**** SOURCE MATERIAL ****

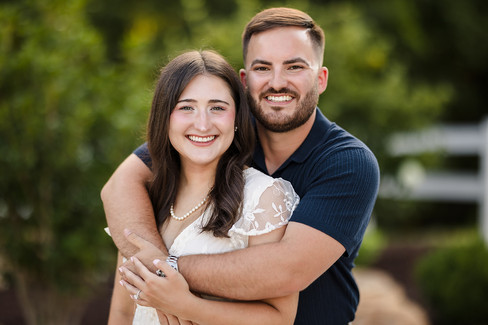 The Barn at Blue Sky Farm Engagement Photographs Couple embracing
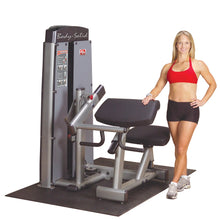 A fitness model standing next to the Body-Solid Pro Dual Bicep & Tricep Machine DBTCSF, showcasing its design and features in a gym setting.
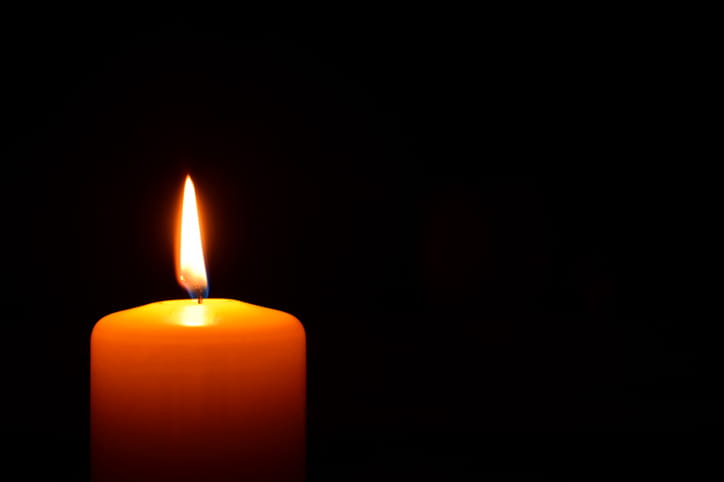 A candle lit in memorial for a wrongful death.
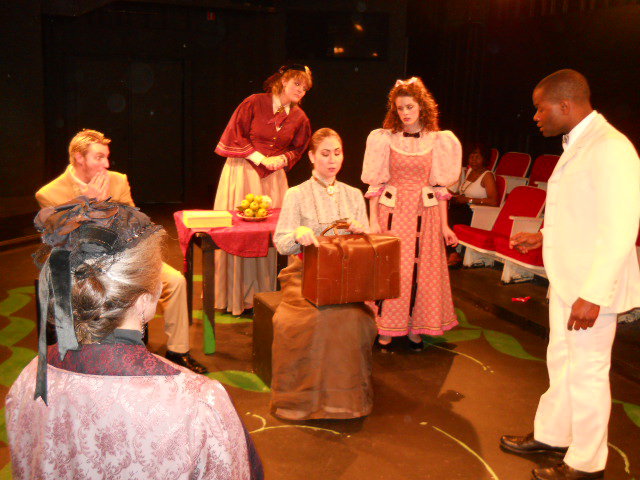 New Jersey Youth Theatre Alumni Eryn LeCroy in the handbag discovery scene from Turning Leaf Theater Company's 2010 production of THE IMPORTANCE OF BEING EARNEST.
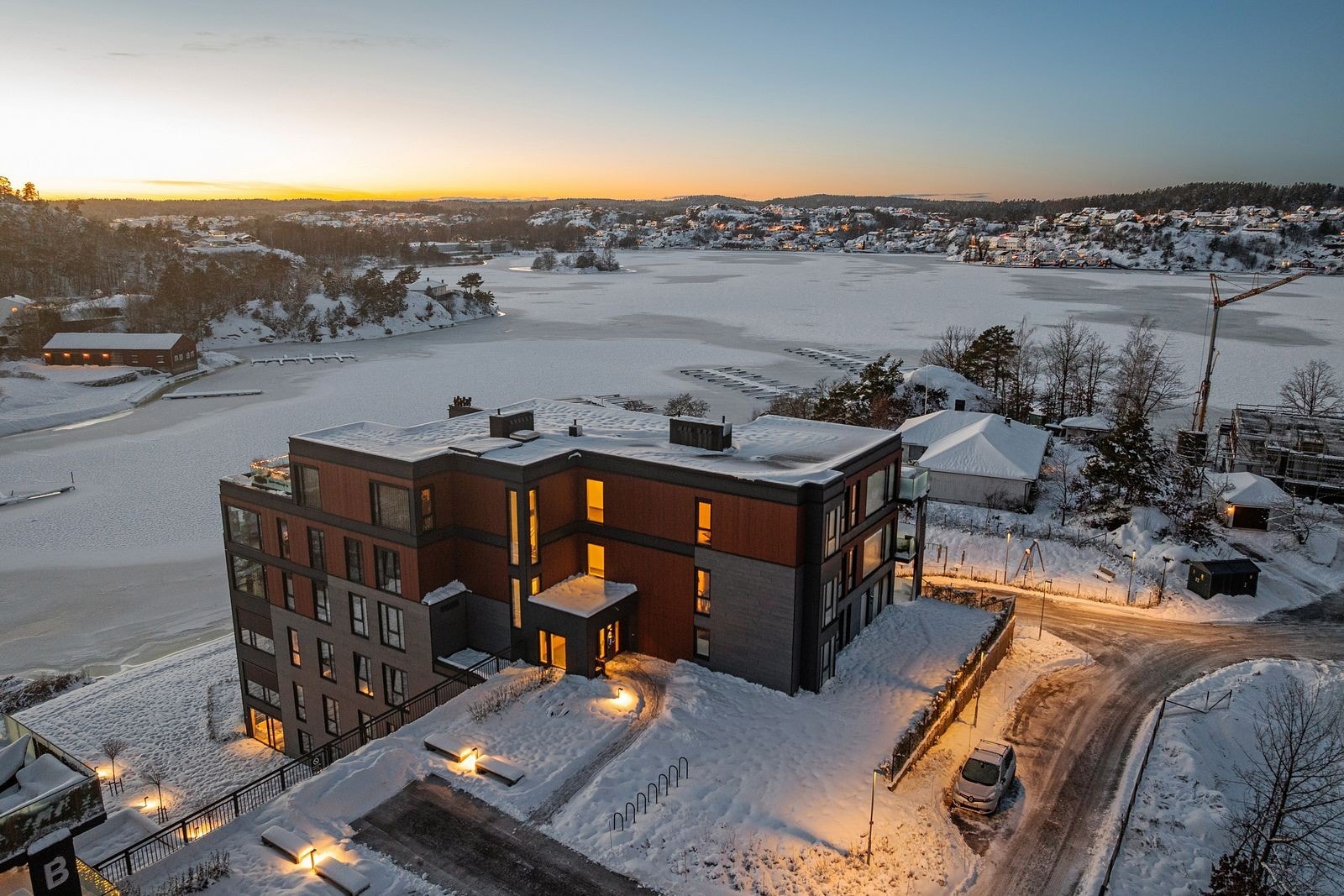 Oversiktsbilde over boligblokken med sjøen i bakgrunnen Galleribilde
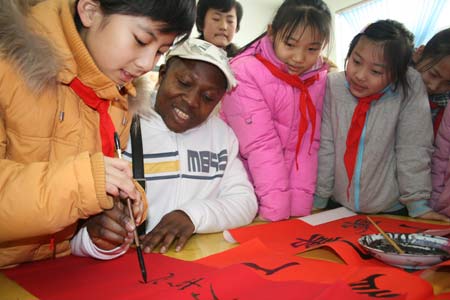 Foreign teacher Del learns to write the spring couplets under a student's guide at Boxing County, east China's Shandong Province, on January 11, 2009, to welcome the forthcoming Chinese traditional Spring Festival which falls on January 26 this year.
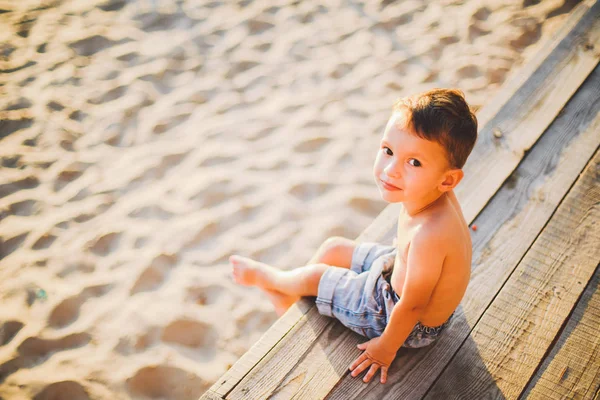 Niño pequeño caucásico sentado en la playa de arena del muelle de madera, hora de verano, vacaciones de mar cerca del agua. El tema es el flujo del tiempo, una vida corta, el significado y el propósito de la existencia. Significado de la vida —  Fotos de Stock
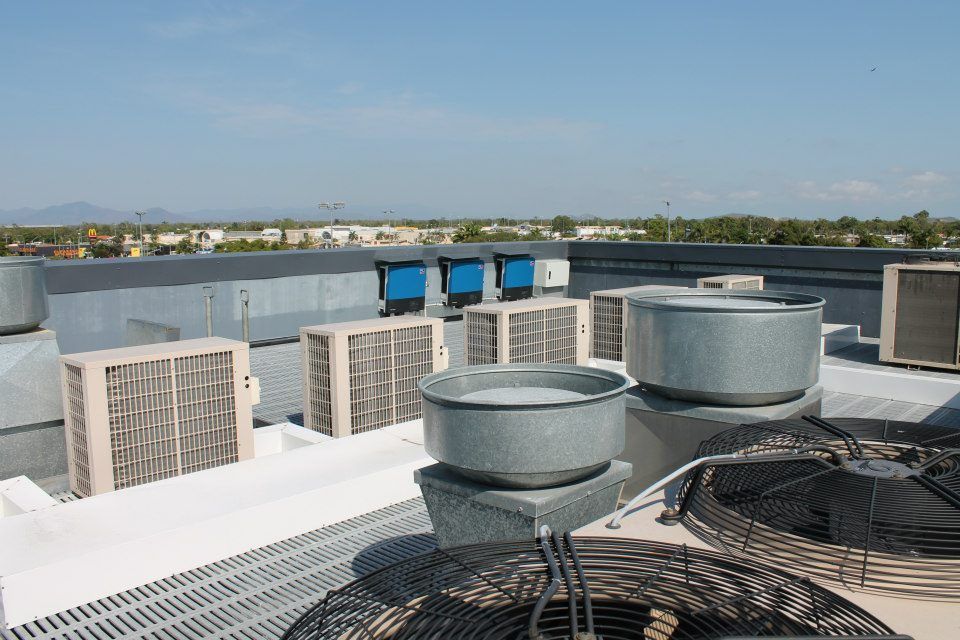 A Rooftop With A Lot Of Air Conditioners On It  — Waltlec Industries In Garbutt, QLD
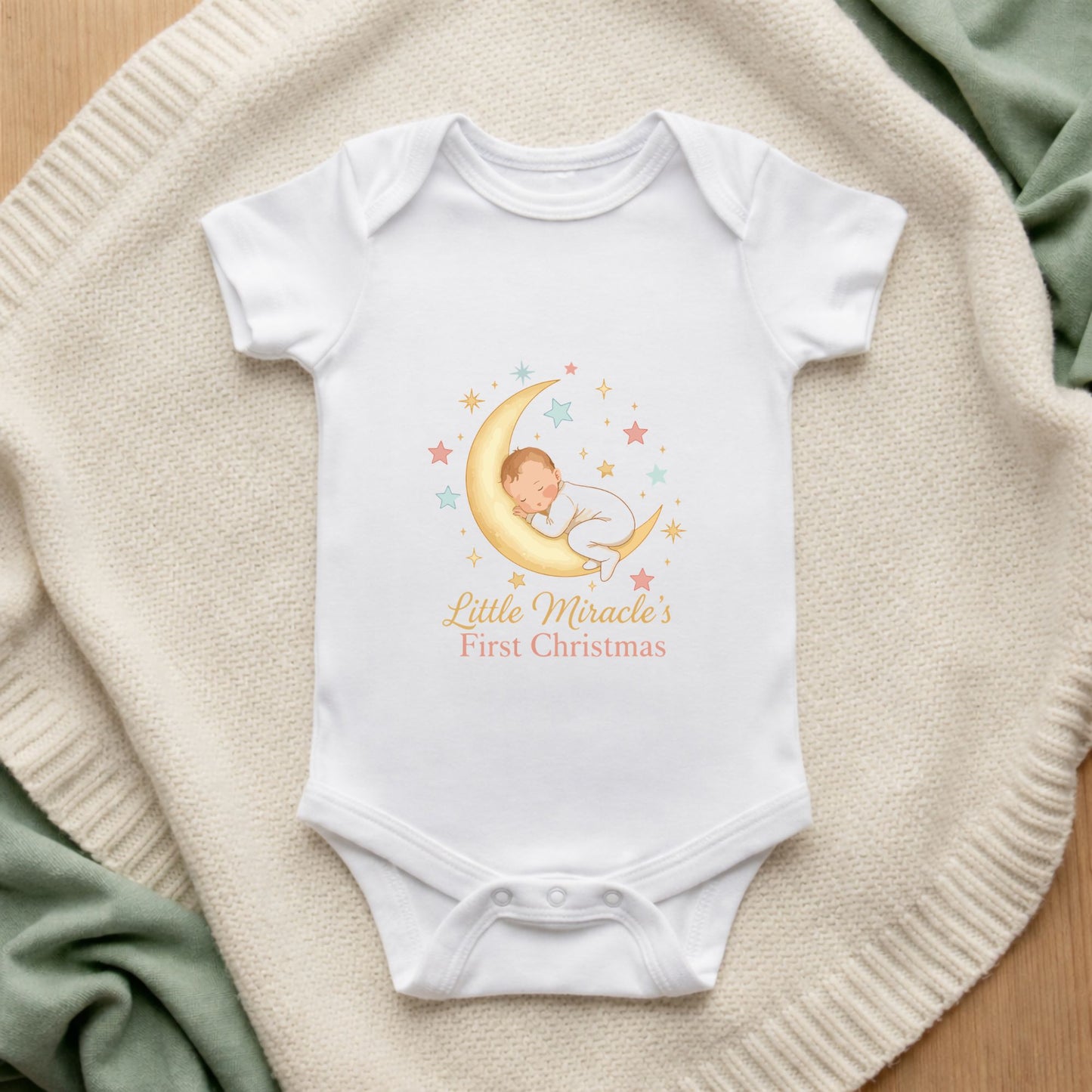 White baby onesie with 'Little Miracle's First Christmas' design on a textured surface.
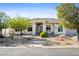 Charming single-story home with a stucco exterior, arched windows, and desert landscaping at 2500 S Zephyr Ave, Pahrump, NV 89048
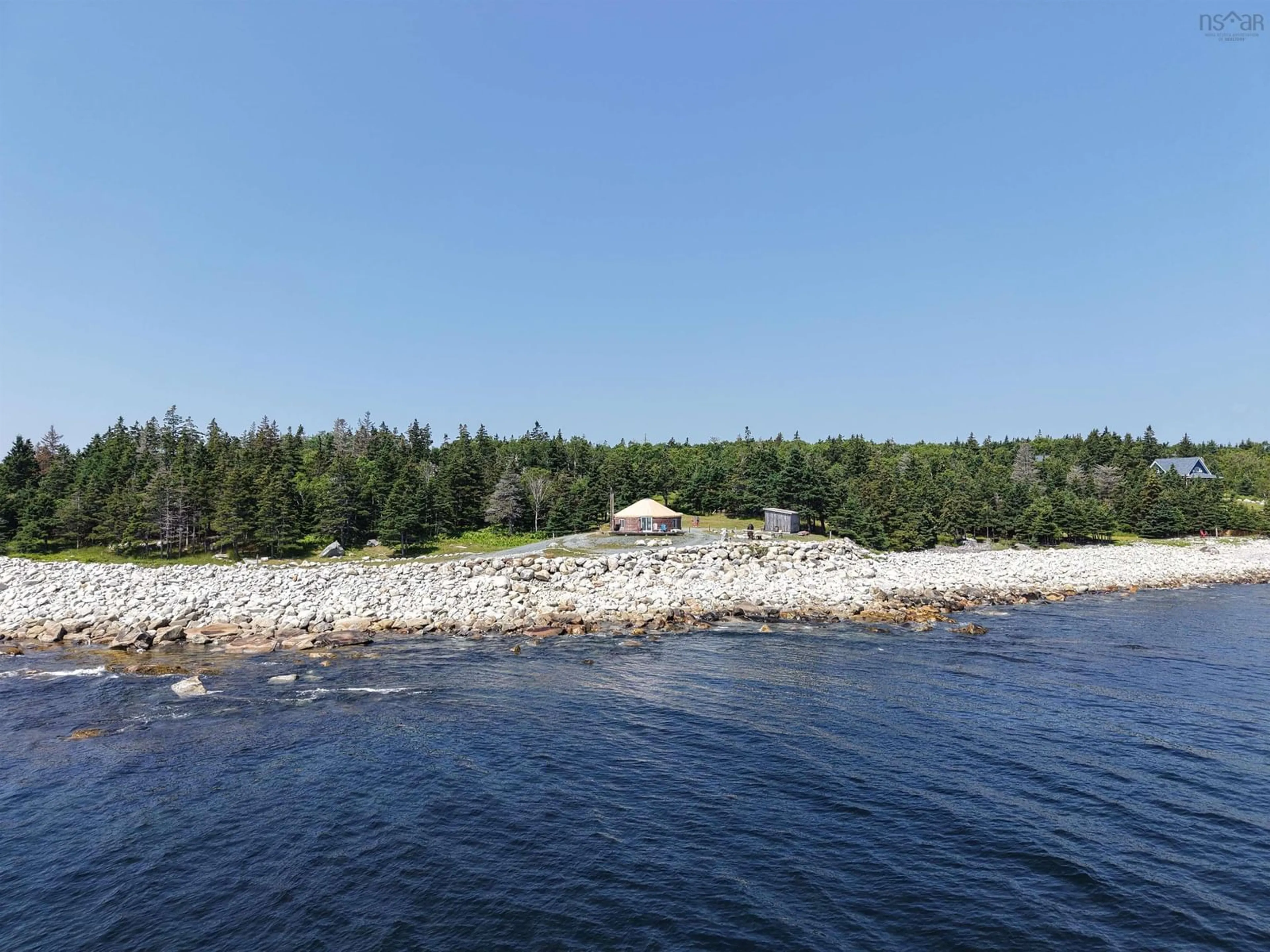 A pic from outside/outdoor area/front of a property/back of a property/a pic from drone, water/lake/river/ocean view for 895 Shore Rd, Moose Harbour Nova Scotia B0T 1K0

****

→ WORK INSTRUCTION
Please take the lines from the beginning of the data above through the line holding "Foreign teacher Del" and transcribe them exactly, without any pictures.

→ REPLY TO THE EXERCISE
 The Barn at Blue Sky Farm Engagement Photographs Couple embracing
 A fitness model standing next to the Body-Solid Pro Dual Bicep & Tricep Machine DBTCSF, showcasing its design and features in a gym setting.
 A candle lit in memorial for a wrongful death.
 New Jersey Youth Theatre Alumni Eryn LeCroy in the handbag discovery scene from Turning Leaf Theater Company's 2010 production of THE IMPORTANCE OF BEING EARNEST.
 Oversiktsbilde over boligblokken med sjøen i bakgrunnen Galleribilde
 Foreign teacher Del learns to write the spring couplets under a student's guide at Boxing County, east China's Shandong Province, on January 11, 2009, to welcome the forthcoming Chinese traditional Spring Festival which falls on January 26 this year.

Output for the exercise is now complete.